Matt C. Abbott
January 28, 2011
The Achilles' heel of the pro-life movement
By Matt C. Abbott

Just what is the Achilles' heel of the pro-life movement? I'll give you a hint: It begins with the letter "c."

Contraception.

Michael Voris of RealCatholicTV.com — who deserves the support of all orthodox Catholics, in my humble opinion — once again hits the nail on the head in a segment titled "The Divided House."

The following is the text (indented) of Voris' segment:

    Hello everyone, and welcome to the Vortex, where lies and falsehoods are trapped and exposed. I'm Michael Voris.

    Abortion and contraception are intertwined. They always have been. Even the opposing side — the child-killers — agree with that. In fact, their entire business plan is built around that fact. The evidence is so obvious, it's ridiculous. The more contraception is an acceptable fact of life, the more people will engage is sex. That's the whole point of contraception. Have sex as much as you want without the consequences.

    But the dirty little secret that the pro-death side doesn't advertise is that there is a built in failure rate with contraception which varies depending on which method a couple uses. But the math is inescapable. Let's say the failure rate is 5 percent — and that's being very conservative. But let's just agree that's the average.

    A couple might think twice about having sex without any 'protection,' but will be more inclined to have sex if they think it's 'safe' and they're 'protected' from the consequences. Eventually, the odds catch up with a couple and they conceive a child. Now what?

    Well, if you think the reasoning here is flawed, then take it up with the U.S. Supreme Court, which said back in 1992: 'In some critical respects abortion is of the same character as the decision to use contraception. For two decades of economic and social developments, people have organized intimate relationships and made choices that define their views of themselves and their places in society, in reliance on the availability of abortion in the event that contraception should fail.'

    The U.S. Supreme Court let abortion stand in part as a means to deal with the 'problem' of failed contraception. Anyone who thinks abortion is unrelated to contraception is too high to even talk to. The infamous Roe v. Wade ruling followed on the nearly as infamous, but not as well-known, Griswold v. Connecticut ruling a few years earlier, which struck down anti-contraception laws around the country. Yep, it was contraception being legalized by the courts that cleared the way for abortion to be legalized by the courts. That shouldn't come as a surprise.
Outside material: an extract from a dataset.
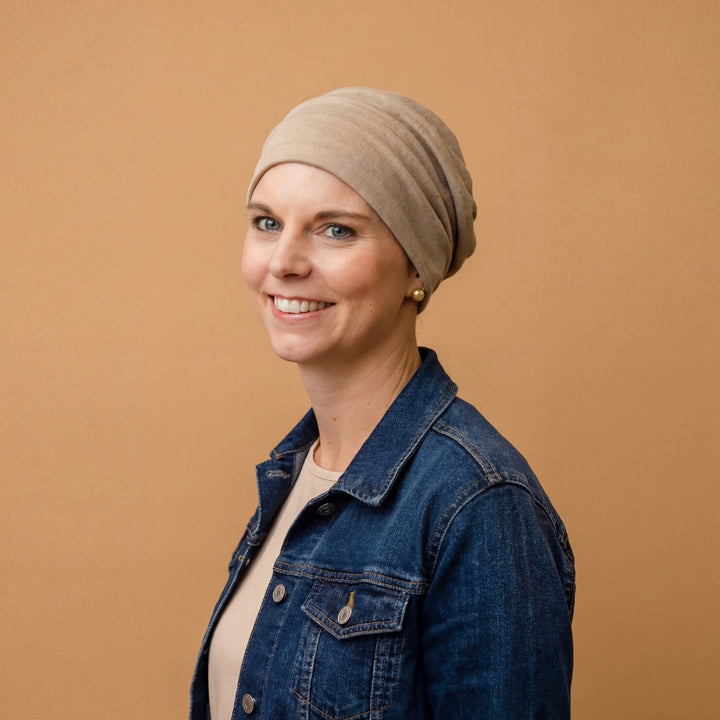 6Q Beanie Steingrau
    And this presents a crisis situation for the pro-life movement. It is a divided house right now, on a national level and a state level. For a pro-life group to not oppose contraception is fatal. Abortion flows from contraception, both in practice and mentality ... physically and psychologically.

    The contraception issue, for a number of reasons, is the Achilles' heel of the pro-life movement, and the difference is highlighted along religious lines. Protestantism as a whole accepts contraception; Catholicism rejects it.

    This is the reason many of the state right-to-life organizations, for all the wonderful work they do, will continue to fall short in the big goal of outlawing abortion. And it's why faithful Catholics in the pro-life camp are continually frustrated — contraception and the contraceptive mentality are inherently Protestant positions.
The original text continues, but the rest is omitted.